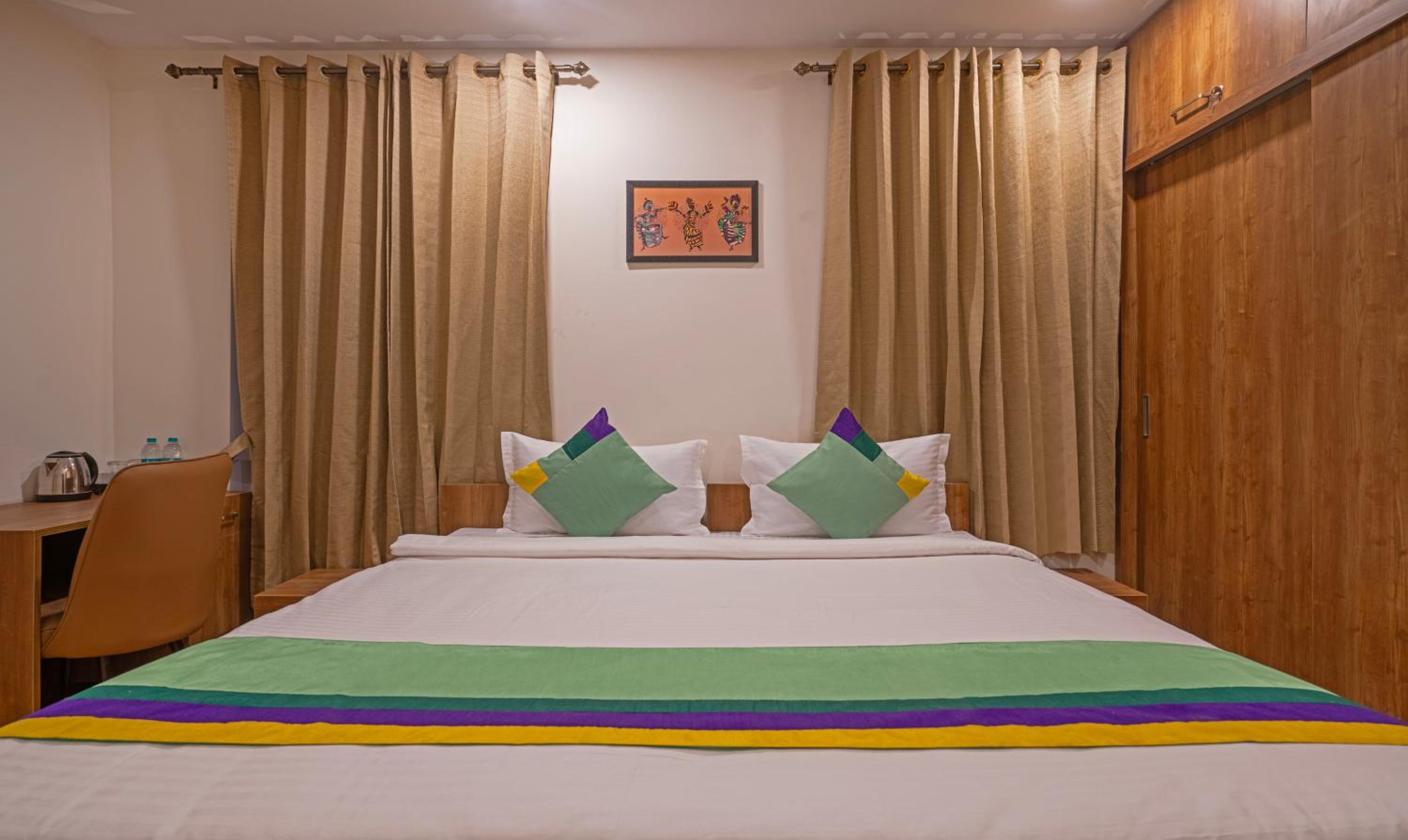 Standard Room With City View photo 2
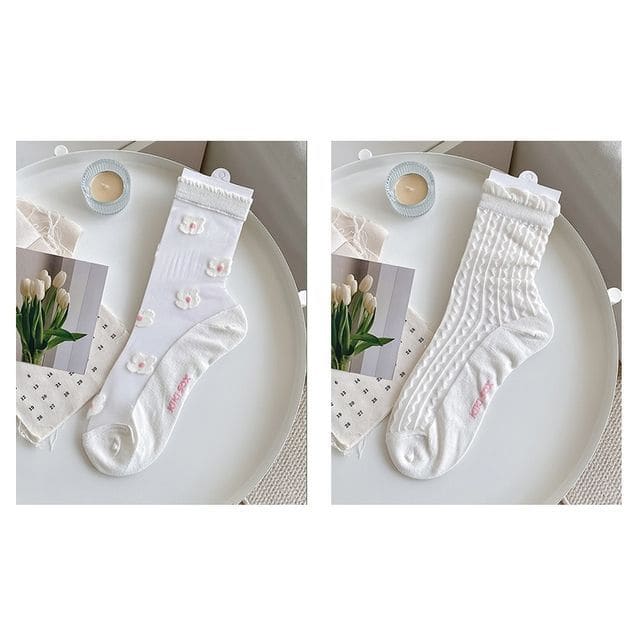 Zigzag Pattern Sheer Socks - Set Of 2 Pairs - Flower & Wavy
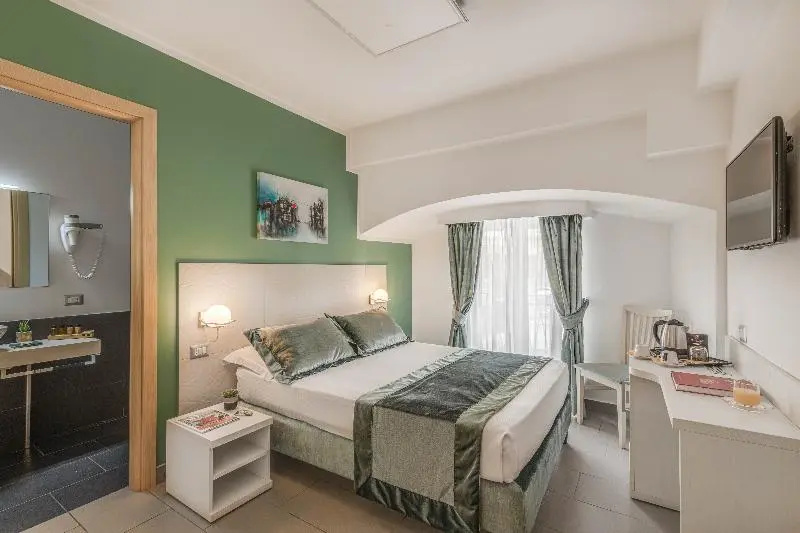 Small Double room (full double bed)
***
▸ What you should do: Starting at the line that holds "Zigzag Pattern Sheer", repeat every line through the end of the listing exactly as written, skipping any picture.

▸ Solution to the exercise:
 Zigzag Pattern Sheer Socks - Set Of 2 Pairs - Flower & Wavy
 Small Double room (full double bed)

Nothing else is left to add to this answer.